Profitable but broke: cash versus profit
Your profit and loss statement can show a healthy month while your bank account drains. Here is why profit is not cash, how a profitable company runs out of money, and what to watch instead.
One of the most disorienting moments for a founder is looking at a profit and loss statement that says the business made money, then looking at the bank account and seeing it shrinking. Both numbers are correct. They are measuring different things, and the gap between them has ended more companies than outright losses ever have.
Profit is an accounting result: revenue earned minus costs incurred over a period. Cash is the money actually in the account. They move on different timetables, and several ordinary, healthy activities pull cash out of the business without ever showing up as a cost on the profit and loss. If you only watch profit, those drains are invisible until the day a payment bounces.
Where profit and cash part ways
The profit and loss records revenue when you earn it and costs when you incur them, regardless of when money changes hands. That is the right way to measure performance, but it means profit can be strong while cash is tight.
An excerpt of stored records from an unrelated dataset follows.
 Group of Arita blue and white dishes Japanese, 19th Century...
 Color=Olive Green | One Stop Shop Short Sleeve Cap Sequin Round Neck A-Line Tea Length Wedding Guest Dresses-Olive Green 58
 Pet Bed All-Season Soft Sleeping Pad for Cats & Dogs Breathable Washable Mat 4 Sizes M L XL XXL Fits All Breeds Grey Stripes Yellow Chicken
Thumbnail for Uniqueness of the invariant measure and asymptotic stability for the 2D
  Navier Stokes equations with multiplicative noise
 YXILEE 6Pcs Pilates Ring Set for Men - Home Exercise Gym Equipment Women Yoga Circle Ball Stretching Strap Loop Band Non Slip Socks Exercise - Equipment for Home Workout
Several common things widen the gap:
- Receivables: you bill a customer and book the revenue today, but they pay in 45 days, so the profit is real and the cash is not here yet.
- Inventory: cash leaves to buy stock now, but it only becomes a cost when you sell the item, so growing inventory drains cash with no hit to profit.
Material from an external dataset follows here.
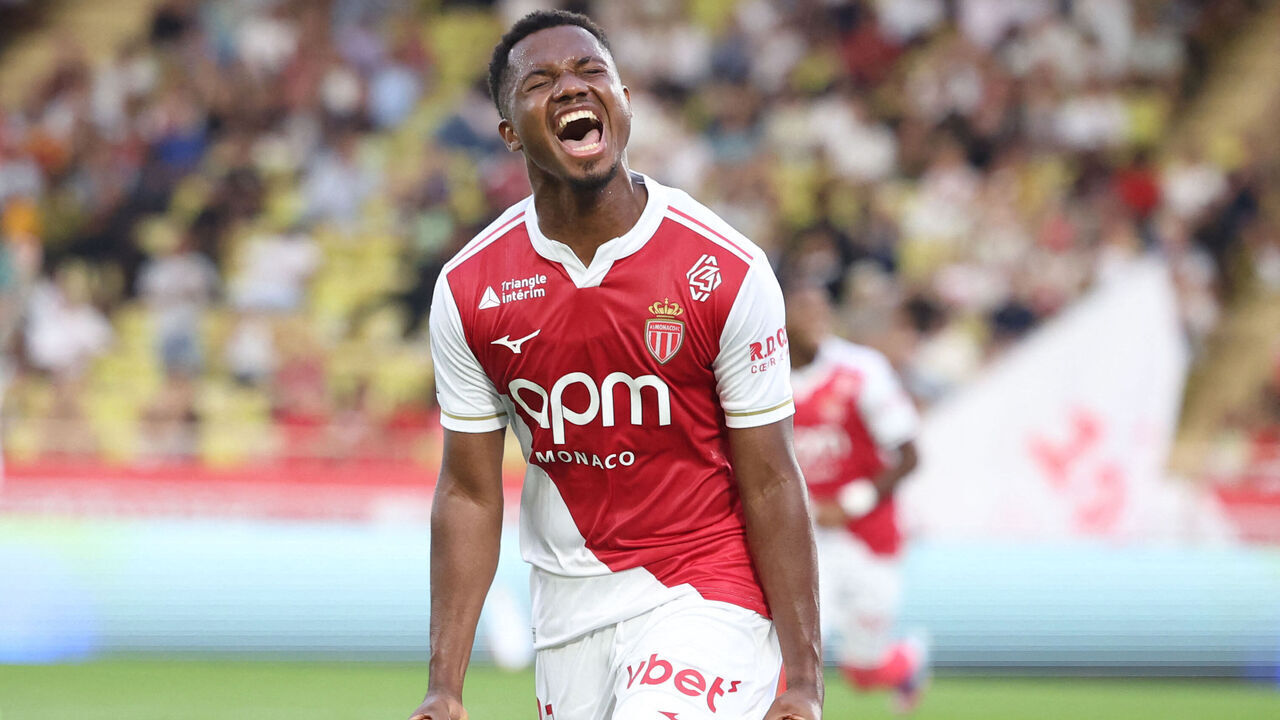 Monaco's Spanish forward #31 Ansu Fati celebrates after scoring Monaco's fourth goal during the French L1 football match between AS Monaco and FC Metz at the Louis II Stadium (Stade Louis II) in the Principality of Monaco, on September 21, 2025.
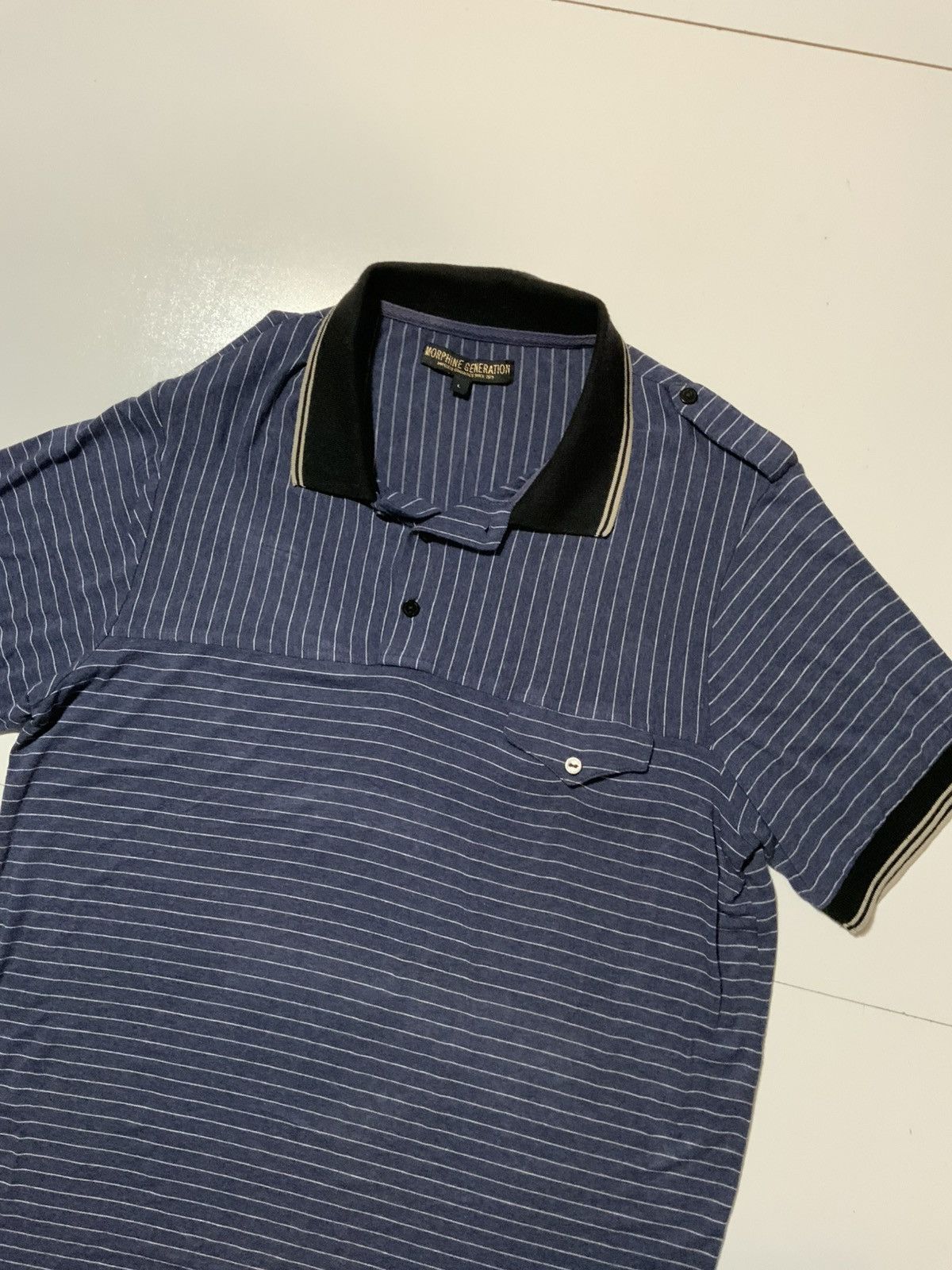 Other Morphine Generation Striped Stretch Rayon Pocket Polo Shirt Size US L / EU 52-54 / 3 - 3 Thumbnail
- Equipment: a $40,000 machine is paid for at once but expensed slowly over years, so the profit and loss shows a small charge while the bank took the full hit.
- Loan repayments: the principal you repay is not an expense, so it reduces cash without reducing profit.
- Taxes: profit is taxed, and the bill often arrives months after the profit was earned, landing as a large cash demand in a quieter month.
How a profitable company runs out of money
Picture a company growing fast and profitably. In one month it bills $300,000 and its profit and loss shows a clean $45,000 profit. A good month on paper. Now follow the cash.
Of the $300,000 billed, customers on 45-day terms paid only $210,000 this month. To fuel the growth, the company bought $60,000 of extra inventory and made a $25,000 deposit on a new machine. A quarterly tax payment of $30,000 fell due. And a $12,000 loan principal repayment went out. Add up the cash: $210,000 in, minus $60,000, minus $25,000, minus $30,000, minus $12,000, and minus the roughly $165,000 of ordinary operating costs that month. The bank balance fell by about $82,000, in a month the profit and loss called profitable. Grow faster and the hole gets deeper, because growth itself consumes cash.
Watching both at once
The fix is not complicated, but it has to be deliberate: never look at profit without also looking at cash. The profit and loss tells you whether the business model works. The cash position and a forward cash view tell you whether you can pay your bills next month. A strong company needs both to be true, and they will not always agree.
A short routine keeps you out of trouble. Watch the bank balance weekly, not monthly. Keep a simple rolling view of cash coming in and going out over the next several weeks so large outflows like tax and equipment do not ambush you. And separate timing problems, money that is coming but not here yet, from real problems, money that is gone. Most cash crunches in profitable companies are timing problems, and timing problems are solvable if you see them early enough to act.
Profit is an opinion about a period. Cash is the fact in your bank account. Both can be true and still disagree.